Cheryl Strayed on Alice Munro and Learning to Be a Writer
Part Two of the Wild Author's Conversation with Paul Holdengraber
Real talk in part two of Cheryl Strayed’s conversation with Paul Holdengraber, as the two discuss self-discover, self-help, and imaginary trips to Europe. (To listen to part one, head over here.)
Cheryl Strayed on books that improve with age…
Some works only deepen over time, how much I love them. I would say my favorite book is Alice Munro’s Lives of Girls and Women, which I first read in my early twenties. And it’s still good. It gets better. You know, I loved it the first time I read it. I felt truly astonished by it. And when I read it now—sometimes, I’ll go to that book because I want to just look at one part of a story, and what I find is I can’t stop reading it. I read it all over again.

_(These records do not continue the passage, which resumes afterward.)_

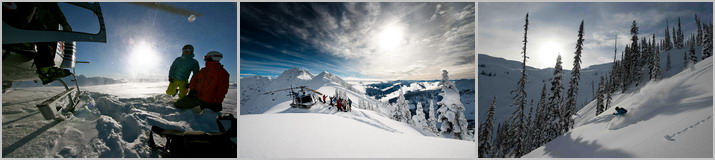 Bighorn - самое роскошное в мире хелиски Bighorn - самое роскошное в мире хелиски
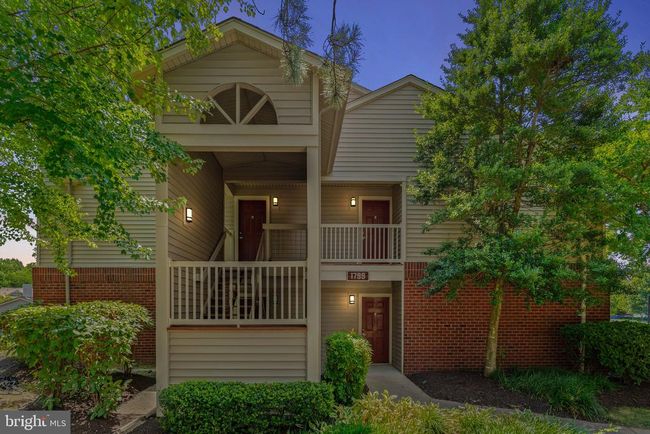 1799-C - 1799 Jonathan Way, Condo with 1 bedrooms, 1 bathrooms and null parking in RESTON VA | Image 37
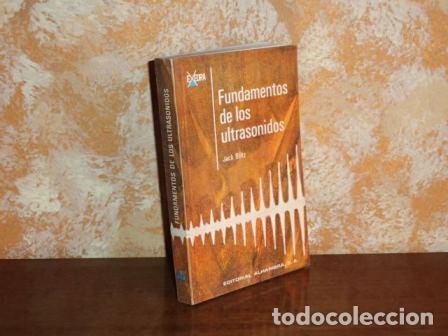 Libros: FUNDAMENTOS DE LOS ULTRASONIDOS - Blitz, Jack - Foto 1
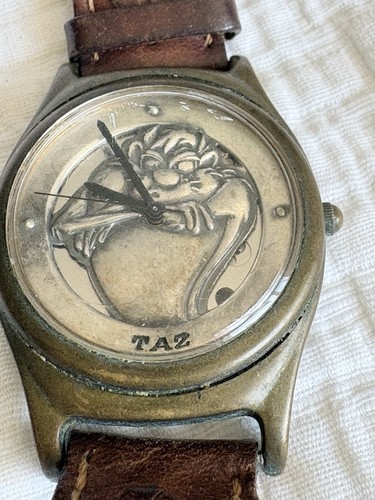 Rare vtg warner bros watch - rare,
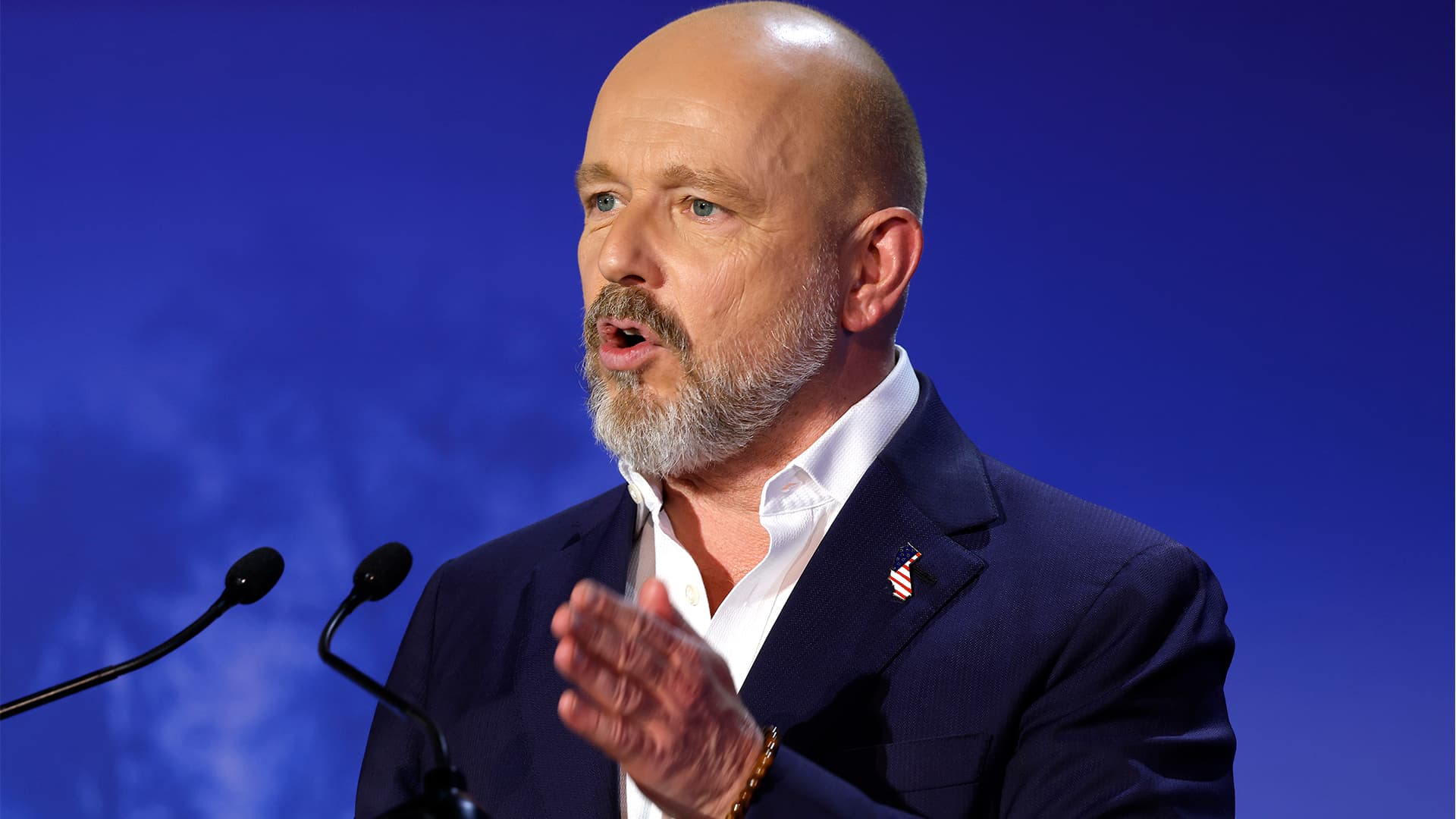 GOP Governor Hopeful Steve Hilton Lays Out Plan To Revive California Film & TV industry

Cheryl Strayed on validation…
In my twenties I was trying to learn how to be a writer. I’m still learning how to be a writer. But I do have a firmer sense of who I am, both as a person and a writer. And so I’m not seeking validation by books so much anymore, as I was in my youth. Now I’m seeking a deeper sense of illumination.
Cheryl Strayed on her love of travel guides…
All my Lonely Planet travel guidebooks mean so much to me. I’ve been obsessed with travel guidebooks since I was a teenager. Mostly because all of those years in my twenties I couldn’t really travel much internationally but I always wanted to, so I would read all of the books—I would map out the trip around Europe that I would take if I could take a trip around Europe. And I would get it down to the day—I’d say, Ok, I’m going to go to this city, and then this place. And I would study these guidebooks as if I were going to go on a trip that I never actually got to take. I didn’t make it Europe until I was in my forties and I had the success with Wild.
Cheryl Strayed on self-help…
I think of myself as an accidental self-help writer. When my book Tiny Beautiful Things was published, which is a collection of my Dear Sugar advice column—I saw that it was in the essay section, it was in the self-help section. On the New York Times, it was on that list, it was, you know, miscellaneous, advice—that catch-all list that they have. It wasn’t on the nonfiction list, which I thought was strange and interesting. Because I thought I was writing essays, and yes, I was also giving advice, and I was responding to real letters that people had written to me. So I understand how that’s interpreted as self-help; I mean, I get it. I’m using writing to try to help somebody. And yet, you’re so right that I care again; I’m not quite sure of that line… I think the aspects of them that are most helpful are not the pieces of direct instruction I give people on what I think they should do or not to do, but rather that wider and more searching quality that we find in literary work that has to do with illuminating the questions.